*Records from a dataset:*
━━━━━━━━━━

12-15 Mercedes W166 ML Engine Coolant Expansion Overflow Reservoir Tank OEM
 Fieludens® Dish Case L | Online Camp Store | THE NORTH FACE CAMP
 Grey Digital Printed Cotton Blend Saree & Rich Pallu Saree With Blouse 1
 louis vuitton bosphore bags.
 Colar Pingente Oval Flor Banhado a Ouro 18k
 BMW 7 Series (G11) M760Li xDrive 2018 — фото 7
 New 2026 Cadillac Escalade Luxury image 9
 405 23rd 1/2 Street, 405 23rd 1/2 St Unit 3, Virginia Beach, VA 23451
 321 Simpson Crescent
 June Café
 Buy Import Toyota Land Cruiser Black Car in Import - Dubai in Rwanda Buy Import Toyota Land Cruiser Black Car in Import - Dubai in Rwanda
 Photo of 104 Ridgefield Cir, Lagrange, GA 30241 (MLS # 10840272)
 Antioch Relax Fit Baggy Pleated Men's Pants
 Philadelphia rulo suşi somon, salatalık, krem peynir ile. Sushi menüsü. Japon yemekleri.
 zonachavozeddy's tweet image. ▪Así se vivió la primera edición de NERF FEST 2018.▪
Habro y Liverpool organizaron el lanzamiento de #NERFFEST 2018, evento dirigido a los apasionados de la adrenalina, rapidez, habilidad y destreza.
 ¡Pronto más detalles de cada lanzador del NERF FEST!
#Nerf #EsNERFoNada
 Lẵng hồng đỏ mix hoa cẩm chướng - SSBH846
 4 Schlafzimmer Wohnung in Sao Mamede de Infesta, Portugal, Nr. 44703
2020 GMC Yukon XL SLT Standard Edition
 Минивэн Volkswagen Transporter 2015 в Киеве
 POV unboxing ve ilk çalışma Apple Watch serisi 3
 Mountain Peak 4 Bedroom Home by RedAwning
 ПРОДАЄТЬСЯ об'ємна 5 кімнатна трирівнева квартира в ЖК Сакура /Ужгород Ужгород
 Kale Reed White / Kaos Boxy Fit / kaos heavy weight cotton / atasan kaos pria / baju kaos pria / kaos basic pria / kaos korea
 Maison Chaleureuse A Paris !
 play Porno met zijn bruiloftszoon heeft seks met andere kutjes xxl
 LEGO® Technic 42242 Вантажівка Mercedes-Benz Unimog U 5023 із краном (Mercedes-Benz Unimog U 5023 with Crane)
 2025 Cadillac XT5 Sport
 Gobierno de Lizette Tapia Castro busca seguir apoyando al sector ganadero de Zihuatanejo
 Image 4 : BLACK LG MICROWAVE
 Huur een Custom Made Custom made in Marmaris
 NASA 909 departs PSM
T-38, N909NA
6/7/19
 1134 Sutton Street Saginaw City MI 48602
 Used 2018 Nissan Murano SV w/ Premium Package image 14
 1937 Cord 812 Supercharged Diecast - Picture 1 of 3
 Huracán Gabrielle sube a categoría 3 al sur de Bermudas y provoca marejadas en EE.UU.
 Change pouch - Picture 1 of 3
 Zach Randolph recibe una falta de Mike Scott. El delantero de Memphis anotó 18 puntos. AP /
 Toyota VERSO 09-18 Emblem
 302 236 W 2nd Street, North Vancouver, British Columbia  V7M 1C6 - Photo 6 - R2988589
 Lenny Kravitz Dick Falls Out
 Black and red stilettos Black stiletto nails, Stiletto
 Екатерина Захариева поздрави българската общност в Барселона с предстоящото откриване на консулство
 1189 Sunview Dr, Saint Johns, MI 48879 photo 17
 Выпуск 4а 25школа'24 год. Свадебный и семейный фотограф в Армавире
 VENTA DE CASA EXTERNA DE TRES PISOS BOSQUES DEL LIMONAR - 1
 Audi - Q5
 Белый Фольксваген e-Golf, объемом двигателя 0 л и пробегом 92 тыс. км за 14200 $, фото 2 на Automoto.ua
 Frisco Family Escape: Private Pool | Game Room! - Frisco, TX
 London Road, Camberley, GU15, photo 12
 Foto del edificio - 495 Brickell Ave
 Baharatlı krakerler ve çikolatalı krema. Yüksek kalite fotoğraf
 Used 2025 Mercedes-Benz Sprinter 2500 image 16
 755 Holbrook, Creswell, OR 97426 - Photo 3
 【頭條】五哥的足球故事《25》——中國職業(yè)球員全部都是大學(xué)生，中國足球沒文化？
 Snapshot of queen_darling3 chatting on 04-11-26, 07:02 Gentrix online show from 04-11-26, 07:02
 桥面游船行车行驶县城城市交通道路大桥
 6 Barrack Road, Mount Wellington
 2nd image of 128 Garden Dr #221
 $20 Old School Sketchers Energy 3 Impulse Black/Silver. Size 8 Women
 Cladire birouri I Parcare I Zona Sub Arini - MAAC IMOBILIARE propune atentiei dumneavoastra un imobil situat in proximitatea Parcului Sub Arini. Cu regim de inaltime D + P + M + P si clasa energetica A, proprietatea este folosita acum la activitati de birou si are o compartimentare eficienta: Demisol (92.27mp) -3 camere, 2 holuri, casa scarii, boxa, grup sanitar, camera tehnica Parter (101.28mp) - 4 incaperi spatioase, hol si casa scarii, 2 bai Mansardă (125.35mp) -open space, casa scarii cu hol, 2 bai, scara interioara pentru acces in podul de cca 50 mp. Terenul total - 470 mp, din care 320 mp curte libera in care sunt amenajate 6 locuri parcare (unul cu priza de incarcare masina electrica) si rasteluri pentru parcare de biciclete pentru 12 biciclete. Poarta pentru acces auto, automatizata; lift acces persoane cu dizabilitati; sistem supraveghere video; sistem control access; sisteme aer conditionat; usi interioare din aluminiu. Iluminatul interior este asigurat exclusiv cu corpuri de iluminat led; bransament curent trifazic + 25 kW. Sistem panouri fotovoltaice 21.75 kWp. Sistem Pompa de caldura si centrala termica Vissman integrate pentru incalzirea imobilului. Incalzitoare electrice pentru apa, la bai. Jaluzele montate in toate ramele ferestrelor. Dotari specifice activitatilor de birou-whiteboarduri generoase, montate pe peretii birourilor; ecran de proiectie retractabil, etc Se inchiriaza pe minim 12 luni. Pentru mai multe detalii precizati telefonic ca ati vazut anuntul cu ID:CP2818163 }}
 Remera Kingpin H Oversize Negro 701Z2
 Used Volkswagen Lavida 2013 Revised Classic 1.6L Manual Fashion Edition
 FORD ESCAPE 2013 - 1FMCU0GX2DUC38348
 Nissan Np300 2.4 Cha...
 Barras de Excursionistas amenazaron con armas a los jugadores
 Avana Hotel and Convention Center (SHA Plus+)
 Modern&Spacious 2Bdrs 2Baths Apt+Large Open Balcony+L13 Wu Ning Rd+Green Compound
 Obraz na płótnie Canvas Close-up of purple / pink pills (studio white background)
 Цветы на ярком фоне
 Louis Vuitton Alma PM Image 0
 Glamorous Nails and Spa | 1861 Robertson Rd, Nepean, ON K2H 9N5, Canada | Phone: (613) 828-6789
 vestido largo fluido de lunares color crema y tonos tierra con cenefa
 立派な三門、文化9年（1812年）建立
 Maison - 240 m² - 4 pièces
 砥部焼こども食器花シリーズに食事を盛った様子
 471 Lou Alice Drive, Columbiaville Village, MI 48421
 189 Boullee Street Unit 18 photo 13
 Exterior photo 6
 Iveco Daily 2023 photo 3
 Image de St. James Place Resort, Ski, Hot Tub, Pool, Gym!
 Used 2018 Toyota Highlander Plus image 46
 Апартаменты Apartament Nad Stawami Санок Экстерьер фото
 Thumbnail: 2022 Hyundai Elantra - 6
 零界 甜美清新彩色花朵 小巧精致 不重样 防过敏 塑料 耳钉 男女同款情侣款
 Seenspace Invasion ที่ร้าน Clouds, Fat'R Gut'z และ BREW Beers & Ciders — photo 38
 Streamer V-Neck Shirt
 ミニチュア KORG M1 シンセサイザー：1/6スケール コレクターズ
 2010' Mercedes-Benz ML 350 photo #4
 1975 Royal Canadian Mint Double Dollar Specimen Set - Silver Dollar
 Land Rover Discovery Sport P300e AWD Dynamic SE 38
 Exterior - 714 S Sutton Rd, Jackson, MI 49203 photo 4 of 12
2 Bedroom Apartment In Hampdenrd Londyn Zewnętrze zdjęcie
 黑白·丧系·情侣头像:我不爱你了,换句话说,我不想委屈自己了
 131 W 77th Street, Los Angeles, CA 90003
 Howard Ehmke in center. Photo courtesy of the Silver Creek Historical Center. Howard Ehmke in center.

━━━━━━━━━━

*The problem:*
Write out only the lines from the very start of the entries above to the line that includes "ПРОДАЄТЬСЯ об'ємна 5", both ends included, each one unchanged.

*Output below:*
12-15 Mercedes W166 ML Engine Coolant Expansion Overflow Reservoir Tank OEM
 Fieludens® Dish Case L | Online Camp Store | THE NORTH FACE CAMP
 Grey Digital Printed Cotton Blend Saree & Rich Pallu Saree With Blouse 1
 louis vuitton bosphore bags.
 Colar Pingente Oval Flor Banhado a Ouro 18k
 BMW 7 Series (G11) M760Li xDrive 2018 — фото 7
 New 2026 Cadillac Escalade Luxury image 9
 405 23rd 1/2 Street, 405 23rd 1/2 St Unit 3, Virginia Beach, VA 23451
 321 Simpson Crescent
 June Café
 Buy Import Toyota Land Cruiser Black Car in Import - Dubai in Rwanda Buy Import Toyota Land Cruiser Black Car in Import - Dubai in Rwanda
 Photo of 104 Ridgefield Cir, Lagrange, GA 30241 (MLS # 10840272)
 Antioch Relax Fit Baggy Pleated Men's Pants
 Philadelphia rulo suşi somon, salatalık, krem peynir ile. Sushi menüsü. Japon yemekleri.
 zonachavozeddy's tweet image. ▪Así se vivió la primera edición de NERF FEST 2018.▪
Habro y Liverpool organizaron el lanzamiento de #NERFFEST 2018, evento dirigido a los apasionados de la adrenalina, rapidez, habilidad y destreza.
 ¡Pronto más detalles de cada lanzador del NERF FEST!
#Nerf #EsNERFoNada
 Lẵng hồng đỏ mix hoa cẩm chướng - SSBH846
 4 Schlafzimmer Wohnung in Sao Mamede de Infesta, Portugal, Nr. 44703
2020 GMC Yukon XL SLT Standard Edition
 Минивэн Volkswagen Transporter 2015 в Киеве
 POV unboxing ve ilk çalışma Apple Watch serisi 3
 Mountain Peak 4 Bedroom Home by RedAwning
 ПРОДАЄТЬСЯ об'ємна 5 кімнатна трирівнева квартира в ЖК Сакура /Ужгород Ужгород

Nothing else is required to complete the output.